### Task goal
Using the data beneath this instruction, retype only the lines from the one that contains "When constructing any" down to the one that contains "Interior-wise, we'll go", both included, exactly as they appear.

### Dataset excerpts
____
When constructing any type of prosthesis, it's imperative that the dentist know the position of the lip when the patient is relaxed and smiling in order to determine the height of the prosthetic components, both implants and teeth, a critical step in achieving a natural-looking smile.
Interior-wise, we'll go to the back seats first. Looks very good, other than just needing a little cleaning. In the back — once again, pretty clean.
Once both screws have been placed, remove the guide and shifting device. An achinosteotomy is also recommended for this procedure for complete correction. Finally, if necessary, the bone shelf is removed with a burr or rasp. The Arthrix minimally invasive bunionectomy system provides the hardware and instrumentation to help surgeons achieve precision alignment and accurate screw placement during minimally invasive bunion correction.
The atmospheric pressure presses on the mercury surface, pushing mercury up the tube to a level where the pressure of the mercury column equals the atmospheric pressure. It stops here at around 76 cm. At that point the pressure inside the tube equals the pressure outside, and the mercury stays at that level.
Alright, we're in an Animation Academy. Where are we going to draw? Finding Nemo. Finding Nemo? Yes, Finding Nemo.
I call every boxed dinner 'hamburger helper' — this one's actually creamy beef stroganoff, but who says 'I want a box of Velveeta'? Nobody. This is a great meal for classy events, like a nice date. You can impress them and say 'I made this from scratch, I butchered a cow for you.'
____
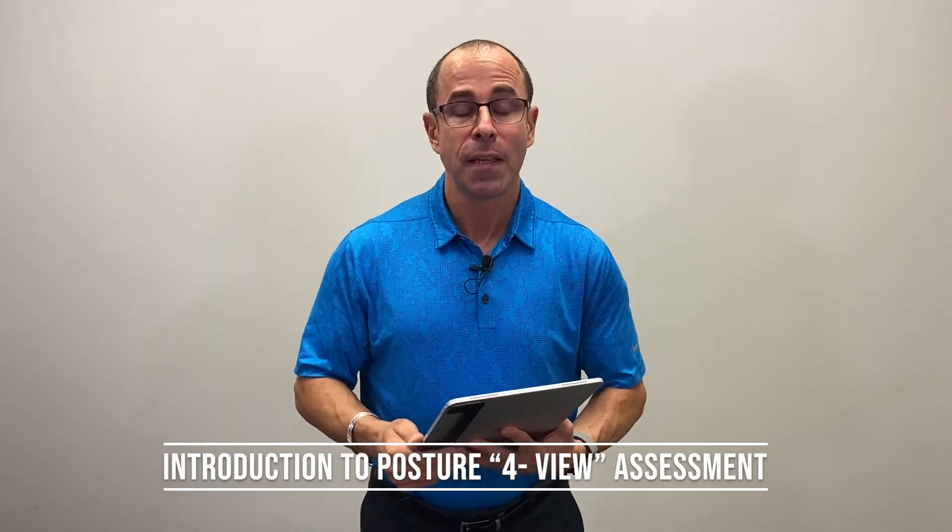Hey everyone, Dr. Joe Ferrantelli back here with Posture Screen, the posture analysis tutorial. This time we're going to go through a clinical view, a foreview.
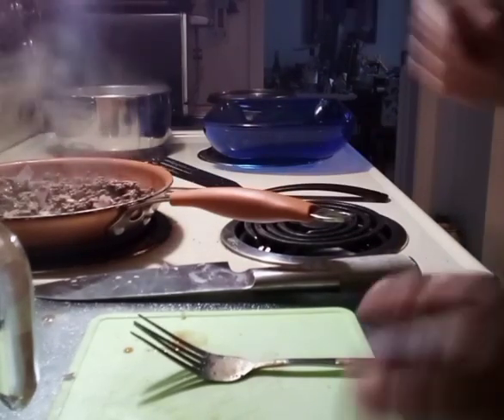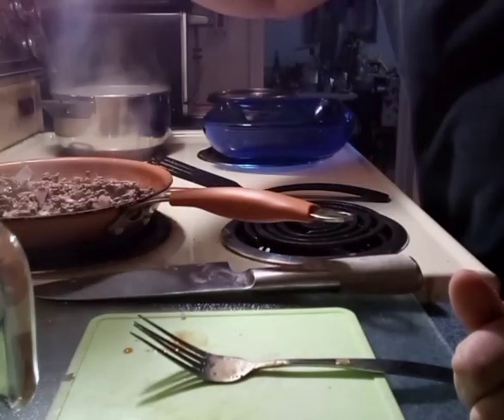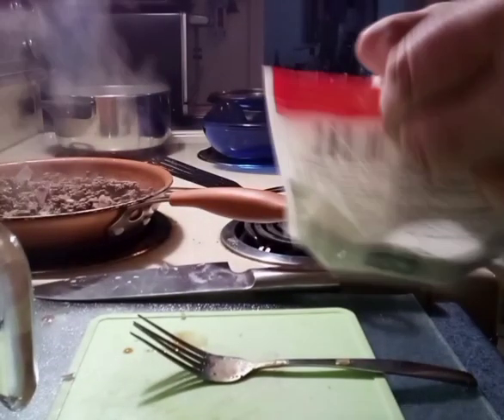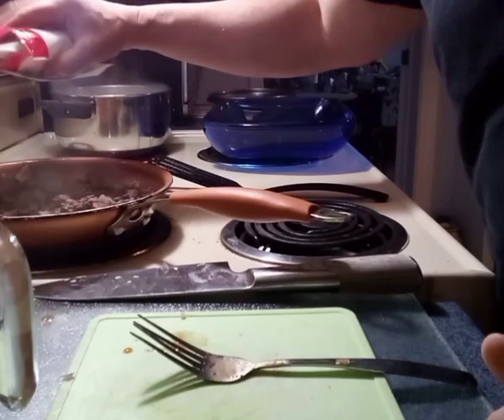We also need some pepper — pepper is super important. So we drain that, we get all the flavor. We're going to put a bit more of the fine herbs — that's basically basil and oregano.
____
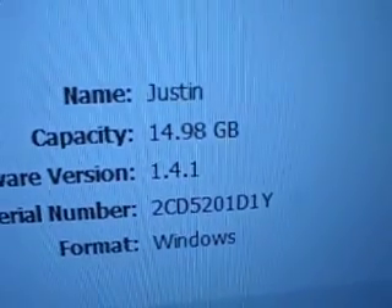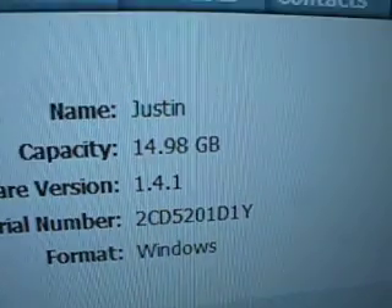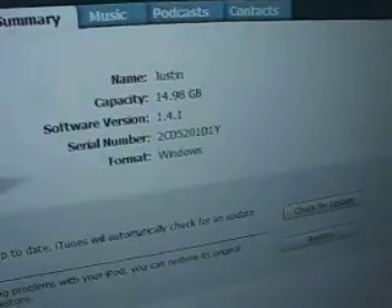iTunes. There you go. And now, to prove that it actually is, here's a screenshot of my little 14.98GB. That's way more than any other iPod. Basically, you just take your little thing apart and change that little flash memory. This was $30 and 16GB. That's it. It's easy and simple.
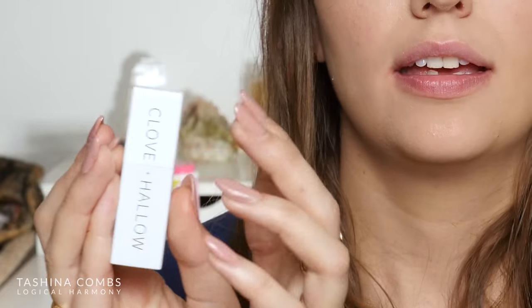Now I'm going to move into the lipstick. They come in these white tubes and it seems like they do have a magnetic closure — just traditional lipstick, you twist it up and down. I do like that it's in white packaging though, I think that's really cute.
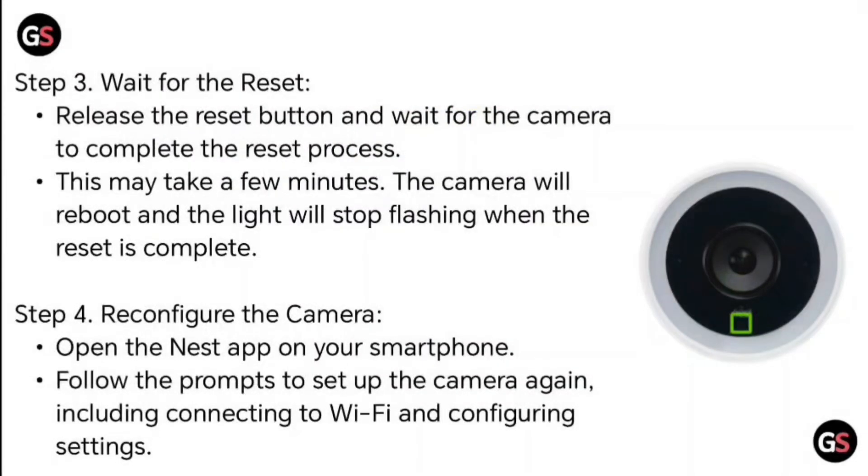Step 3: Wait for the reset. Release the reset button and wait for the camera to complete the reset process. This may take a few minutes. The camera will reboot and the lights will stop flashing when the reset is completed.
____
### Final answer
When constructing any type of prosthesis, it's imperative that the dentist know the position of the lip when the patient is relaxed and smiling in order to determine the height of the prosthetic components, both implants and teeth, a critical step in achieving a natural-looking smile.
Interior-wise, we'll go to the back seats first. Looks very good, other than just needing a little cleaning. In the back — once again, pretty clean.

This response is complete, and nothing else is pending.